The outbreak brought several sectors and, in some cases, entire economies to an abrupt stop as governments the world over scrambled to slow the virus’ spread. As a result, quite a few businesses and individuals had to deal with a sudden loss of income.
“The local SME sector has taken a massive hit from reduced trade, with countless businesses facing the prospect of going under as their cash reserves dwindle,” explained Stanbic Insurance Brokers Zambia Chief Executive Officer Chilufya Nyirenda during a recent Stanbic Anakazi Online Conversations webinar on the subject.
“Part of the reason we see such a huge strain on the local SME sector is that most small business owners do not know how – or simply neglect – to put in place measures to mitigate the impact of unforeseen risks; viewing insurance as a luxury reserved for the elite and big corporates,” she said.
“However, hedging against risks is a responsibility we must all take. The question every investor and business owner should ask themselves is, ‘why work hard to grow an investment or business only to leave it completely exposed to economic shocks and other risks that may wipe out their value in an instant?’
“A lot of problems some SMEs are facing due to the partial lockdown would have been avoided or mitigated with insurance. It is time entrepreneurs started viewing protection against unforeseen risks as a critical part of running a business because it helps protect their investment – and by extension their dreams and aspirations.”
Meanwhile, Pensions and Insurance Authority Head of Policy and Analysis Namakau Ntini noted that insurance was not just about risk management but also a way for businesses to ensure sustainability in difficult times.
“Sustainable SMEs typically have a set of goals that they work towards over the course of time. As they grow, so do the magnitude of these targets which in turn require more resources to maintain the expansion,” she said.
“The absence of cover leaves this growth especially vulnerable to external shocks in that the loss of a critical asset may cause an interruption to cashflow thereby subverting any gains the enterprise may have made towards achieving its goals.
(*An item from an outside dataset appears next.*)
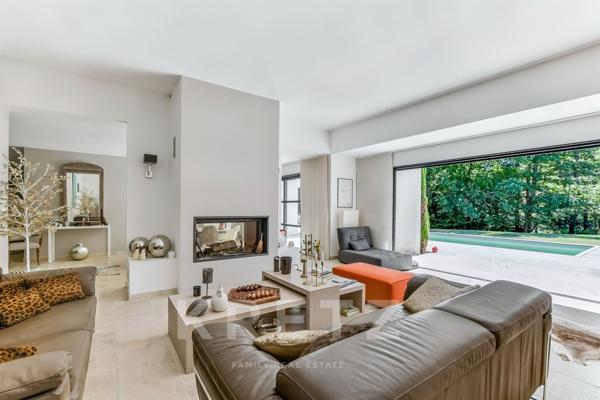 Villa d'architecte premium 350m2, propriété de 5000m2 vue fôret à Rouffiac-Tolosan (10min Toulouse)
Worse off, such losses have the potential to turn a business’ trajectory from expansion-driven to a fight for survival.”
Ntini added that there was no such thing as “one size fits all” when it came to insurance cover saying that each business needed to engage their insurer and find a policy that covered their specific risks.
“It is important to find a policy that not only protects you against your biggest risks but also helps you save money.
The key is to understand what you are buying and how the policy is meeting your needs to avoid buying policies that do nothing for you.”
Earlier this year, the PIA issued a directive that compels insurers to provide their clients with Key Fact Statements that breakdown insurance jargon to help clients understand the provisions of a policy before they sign up.
This directive was part of several other guidelines introduced by the authority to help bridge the gap between insurers and the public in the hopes of demystifying the sector thus making it more relevant at business and individual level.
If harnessed, the insurance sector has the power to offer critical support to national growth in that the more businesses hedge against losses, the more likely they are to survive hardships and continue contributing to GDP.